[Short web captions]
•••

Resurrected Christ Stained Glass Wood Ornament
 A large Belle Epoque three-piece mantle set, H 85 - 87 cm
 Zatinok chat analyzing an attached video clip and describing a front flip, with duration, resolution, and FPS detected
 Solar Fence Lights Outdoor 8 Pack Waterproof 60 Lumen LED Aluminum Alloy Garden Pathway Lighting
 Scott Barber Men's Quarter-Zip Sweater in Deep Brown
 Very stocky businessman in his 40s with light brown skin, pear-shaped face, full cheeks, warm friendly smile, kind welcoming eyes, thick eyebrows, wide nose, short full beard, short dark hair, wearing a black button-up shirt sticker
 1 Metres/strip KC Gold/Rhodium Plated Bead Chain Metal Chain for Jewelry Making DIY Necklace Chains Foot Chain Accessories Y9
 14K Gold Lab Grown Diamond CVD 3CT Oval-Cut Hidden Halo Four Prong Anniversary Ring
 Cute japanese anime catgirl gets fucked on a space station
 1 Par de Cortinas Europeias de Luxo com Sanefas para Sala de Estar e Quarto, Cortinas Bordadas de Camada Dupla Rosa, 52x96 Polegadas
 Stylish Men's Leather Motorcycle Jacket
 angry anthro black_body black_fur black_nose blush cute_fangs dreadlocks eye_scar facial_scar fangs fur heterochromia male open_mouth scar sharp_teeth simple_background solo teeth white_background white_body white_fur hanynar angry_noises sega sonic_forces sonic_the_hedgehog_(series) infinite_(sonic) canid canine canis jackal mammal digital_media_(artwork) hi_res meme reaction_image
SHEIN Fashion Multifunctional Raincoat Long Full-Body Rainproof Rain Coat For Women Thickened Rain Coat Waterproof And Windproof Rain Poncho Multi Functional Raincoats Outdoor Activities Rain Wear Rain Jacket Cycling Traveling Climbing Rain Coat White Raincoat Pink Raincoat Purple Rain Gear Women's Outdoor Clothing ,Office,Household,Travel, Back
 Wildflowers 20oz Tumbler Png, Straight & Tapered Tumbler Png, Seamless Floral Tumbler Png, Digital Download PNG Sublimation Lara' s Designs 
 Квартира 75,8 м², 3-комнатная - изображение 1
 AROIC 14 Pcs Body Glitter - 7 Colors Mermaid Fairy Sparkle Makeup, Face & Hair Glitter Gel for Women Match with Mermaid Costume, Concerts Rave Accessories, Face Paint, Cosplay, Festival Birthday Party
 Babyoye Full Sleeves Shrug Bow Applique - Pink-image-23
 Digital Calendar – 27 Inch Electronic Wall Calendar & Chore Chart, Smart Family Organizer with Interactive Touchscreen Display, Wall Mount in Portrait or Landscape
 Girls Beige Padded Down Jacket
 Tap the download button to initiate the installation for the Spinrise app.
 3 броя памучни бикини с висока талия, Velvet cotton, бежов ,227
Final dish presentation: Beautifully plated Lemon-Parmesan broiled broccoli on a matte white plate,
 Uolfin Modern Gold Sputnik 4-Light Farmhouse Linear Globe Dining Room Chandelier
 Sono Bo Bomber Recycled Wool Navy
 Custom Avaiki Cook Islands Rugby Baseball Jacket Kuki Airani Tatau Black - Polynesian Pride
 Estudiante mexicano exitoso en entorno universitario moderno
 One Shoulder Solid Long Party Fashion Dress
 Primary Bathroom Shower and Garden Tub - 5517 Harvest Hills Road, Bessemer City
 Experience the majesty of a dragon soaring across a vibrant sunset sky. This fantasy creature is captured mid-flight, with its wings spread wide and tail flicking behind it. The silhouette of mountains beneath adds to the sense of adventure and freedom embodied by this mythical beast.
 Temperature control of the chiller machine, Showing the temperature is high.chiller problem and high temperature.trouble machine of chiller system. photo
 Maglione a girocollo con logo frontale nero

•••

Description of the task.
Copy out the lines above that hold the string "Women".

Your response.
SHEIN Fashion Multifunctional Raincoat Long Full-Body Rainproof Rain Coat For Women Thickened Rain Coat Waterproof And Windproof Rain Poncho Multi Functional Raincoats Outdoor Activities Rain Wear Rain Jacket Cycling Traveling Climbing Rain Coat White Raincoat Pink Raincoat Purple Rain Gear Women's Outdoor Clothing ,Office,Household,Travel, Back
 AROIC 14 Pcs Body Glitter - 7 Colors Mermaid Fairy Sparkle Makeup, Face & Hair Glitter Gel for Women Match with Mermaid Costume, Concerts Rave Accessories, Face Paint, Cosplay, Festival Birthday Party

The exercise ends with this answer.